Adaptive Preconditioners Trigger Loss Spikes in Adam¶

Conference: ICML 2026
arXiv: 2506.04805
Code: None
Area: Optimization / Adam Training Stability
Keywords: Adam Optimizer, loss spike, preconditioned Hessian, second-moment estimation, training stability

TL;DR¶

This paper attributes loss spikes in Adam training to the lag-induced decoupling between the second-moment preconditioner and the current squared gradients, and explains as well as predicts spike occurrences using the curvature of the preconditioned Hessian in the gradient direction.

Background & Motivation¶

Background: Loss spikes frequently occur during neural network training, especially when using Adam to train Transformers or large models, where the loss suddenly surges and then recovers. Existing explanations primarily focus on the sharpness of the loss landscape, such as the "lower-loss-as-sharper" and "Edge of Stability" phenomena, suggesting that instability is triggered when the model enters sharper regions.

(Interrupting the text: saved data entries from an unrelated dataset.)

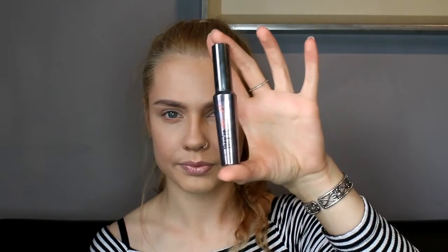Going in with my two favourite mascaras: on the top lash I'm going to be using my They're Real Mascara by Benefit, and on the bottom lash I'm going to be using my Lengthening and Volumising Mascara by ELF.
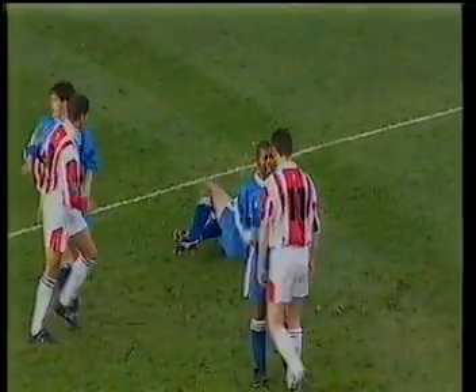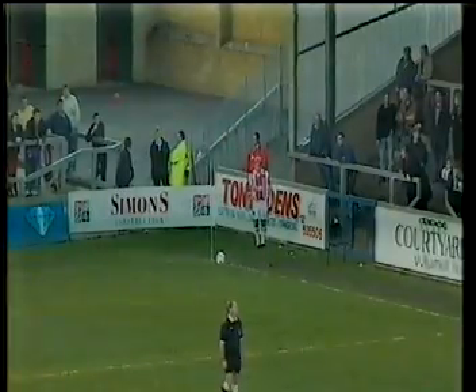But despite being a player down, Lincoln went on to take the lead against the Unibond league side Gainsborough after 15 minutes. Dean Warling's header adjudged to have crossed the line.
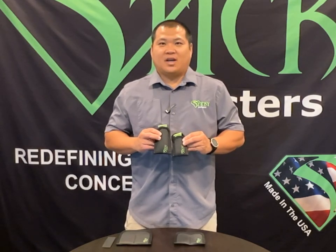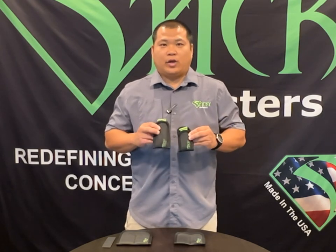Our mag sleeves, like our holsters, are designed to be worn inside the waistband or inside the pocket. They're offered in two different sizes: mini and regular.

Limitations of Prior Work: Geometric explanations of the landscape alone are insufficient for Adam's spikes. The paper presents a direct counterexample: in a 1D quadratic function scenario with constant curvature, standard GD converges smoothly under a stable learning rate, while Adam exhibits significant spikes even when the learning rate is far below the GD stability threshold. This indicates that spikes do not necessarily arise from "low-loss regions becoming sharper" but can stem from the dynamics of the optimizer's internal state variables.

Key Challenge: Adam's adaptive step size is intended to increase the second-moment estimate $v_t$ when gradients increase, thereby reducing the effective step size. However, when $v_t$ is dominated by historical terms, it may continue to decay, failing to track the current squared gradient $g_t^2$ in time. Consequently, the effective curvature after preconditioning is continuously amplified, leading the training into a sustained unstable interval.

Goal: The authors aim to answer three questions: what quantity controls Adam's stability; why the second-moment estimate fails before a spike; and whether a more accurate spike warning indicator can be constructed than the maximum Hessian eigenvalue.

Key Insight: Starting from a local quadratic approximation, the paper views Adam's updates as applying spatial and momentum preconditioning to the Hessian. This perspective explicitly incorporates the "internal state of the optimizer" into stability analysis, thereby explaining the spike mechanism observed in both 1D quadratic functions and real-world Transformers.

Core Idea: Use the curvature of the Adam-preconditioned Hessian in the gradient direction, rather than the maximum eigenvalue of the original Hessian, to characterize the true trigger conditions of loss spikes.

Method¶

This paper does not propose a new optimizer but establishes a mechanistic explanation, predictive indicators, and suppression suggestions for Adam's loss spikes. The overall logic is: first derive Adam's stability conditions using a local quadratic model, then analyze how the decoupling of the second moment $v_t$ and squared gradient $g_t^2$ causes sustained failure of stability conditions, and finally validate this mechanism through multi-scale experiments.

Overall Architecture¶

graph TD
    A[Adam Training Trajectory] --> B{Stability Criterion}
    B --> C[Preconditioned Hessian: $\hat H_t$]
    B --> D[Curvature in Gradient Direction: $\lambda_{\mathrm{grad}}$]
    C & D --> E[Decoupling Analysis: $v_t$ vs $g_t^2$]
    E --> F[Spike Prediction & Mitigation]
    F --> G[Lower $\beta_2$ / Higher $\epsilon$]

The input is an optimization trajectory obtained using Adam. The authors observe changes in gradients, second moments, Hessians, and preconditioned Hessians along this trajectory. The analysis first revisits the local stability threshold $\lambda_{\max}(H_t) < 2/\eta$ in GD as a reference, then progresses through three core mechanisms: first, incorporating Adam's momentum terms and adaptive denominators into the Hessian to obtain the preconditioned Hessian $\hat H_t$, changing the stability criterion to $\lambda_{\max}(\hat H_t) < 2/\eta$; second, the decoupling of the second moment $v_t$ and the current squared gradient $g_t^2$—where the gradient rises while the denominator continues to decay—forcing the eigenvalues of $\hat H_t$ higher, which marks the watershed between a spike and ordinary Edge of Stability oscillations; third, replacing the maximum eigenvalue with the gradient direction curvature $\lambda_{\mathrm{grad}}(\hat H_t)$ as a more accurate warning sign. Finally, the mechanism is validated on 1D quadratic functions, FNNs, CNNs, and Transformers, with theoretically grounded suppression methods such as reducing $\beta_2$ or increasing $\epsilon$.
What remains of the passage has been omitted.